Op 7 juli 1793 was er wederom veel verdriet in de Groenstraat. Dit keer in het huis van Jan Nicolaas Hermans. Dochtertje Adriana was in de put voor het woonhuis verdronken. De buren hadden nog snel het kind uit het water gehaald, maar het was reeds overleden. Familie Hermans woonde links aan de oude zandweg naar Diessen, tussen de Groenstraat en de Luyensvoortsebrug over de Spruitenstroom.
Bovengenoemde verdrinkingsgevallen vonden alle in de zomer plaats tijdens het spelen rondom het huis. Anthony van Raak verdronk echter in de winter van 1800 in de Waterstraat. Ook volwassenen ontsnapten niet altijd aan de verdrinkingsdood. Zoals Maria Catharina de Mesmaecker die met kar en paard pardoes tussen Moergestel en Oisterwijk een ven inreed en er dood uitkwam. Jacob van Spreeuwel bleef in de Waterstraat dood in een sloot liggen en Diessenaar Van Dommelen op het Sprenkel Eynd.

Bijna verdronken was Leendert Jan Joordens op 8 juni 1692 in een sloot in de Loose Straet in Beek. Hij werd achtervolgd door zijn schoonzoon Peter Adriaen Damen. Leendert moest zijn verhaal noodgedwongen op papier zetten: hij vatte mij met haer en doen seyde ick: sal u mij hier vermoorden, en werpte mij ter aerden en slepte mij inden sloot int water, wringht en brack mijnen mont open om te verdrincken en smijt al met de klompen op thooft en steeckt in mijn keel.

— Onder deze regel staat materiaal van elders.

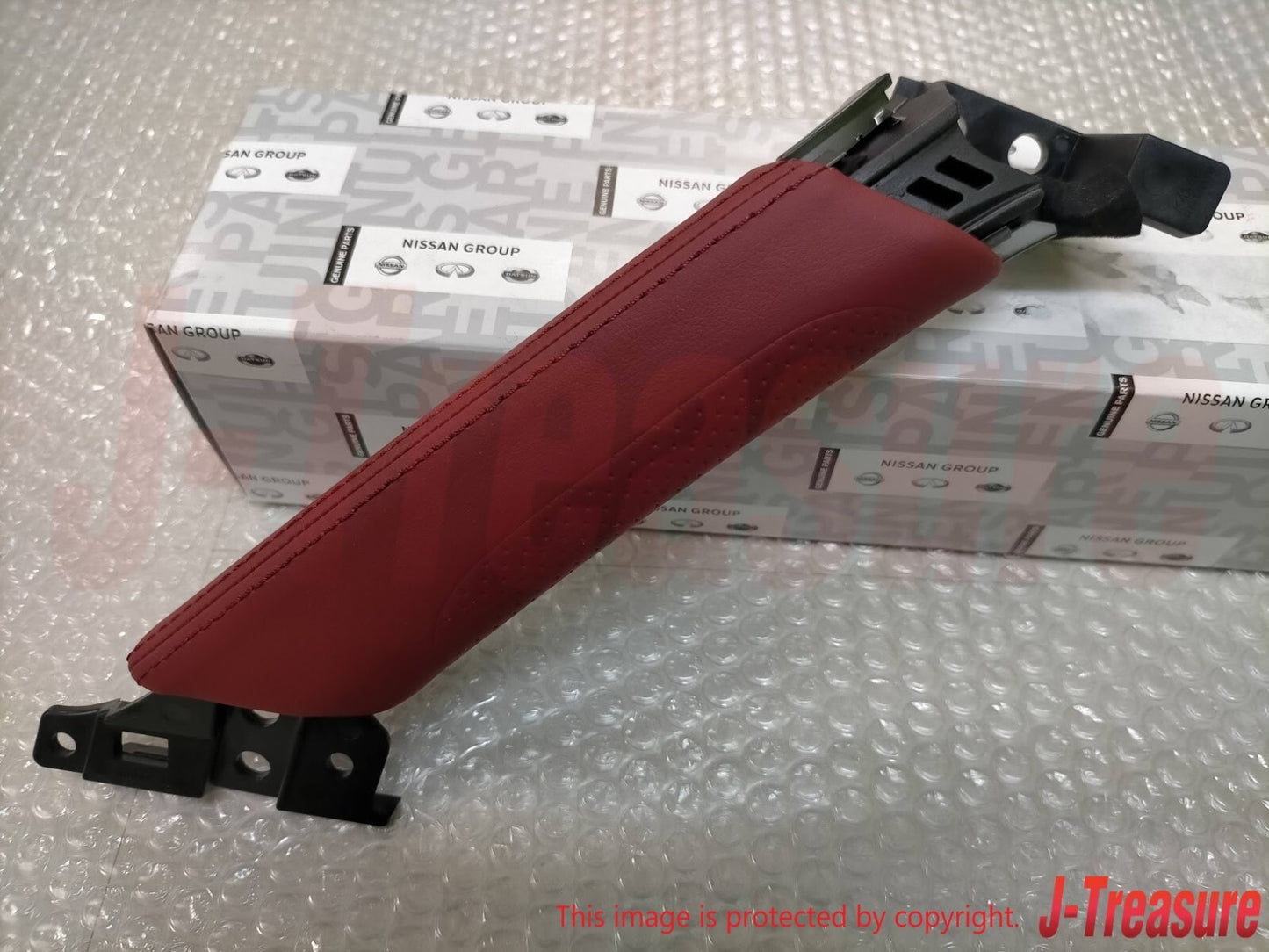 NISSAN R35 GT-R Black Edition Genuine Red Leather Door Pull Handle RH & LH Set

Mondeling kon hij door de verwondingen geen getuigenis meer afleggen. Schriftelijk trouwens ook slechts gebrekkig. Maar hij overleefde het gelukkig wel.
Dat kon dienstmeid Christina Lucas, drie jaar werkzaam bij familie Havermans op ‘den Bockenreijder’ niet zeggen. In de nacht van 4 op 5 augustus 1779 was zij onderweg naar huis tussen Dun en Lage Mierde op duistere wijze te water geraakt en in de stroom verdronken. Het zielloze lichaam van de ongehuwde aanstaande moeder werd door de chirurgijn onderzocht: dat het dode lighaam is ontvallen een vrught, synde een meijsje naar gissing. De bewoners van ‘den Bok’ getuigden wederom … van niets te weten!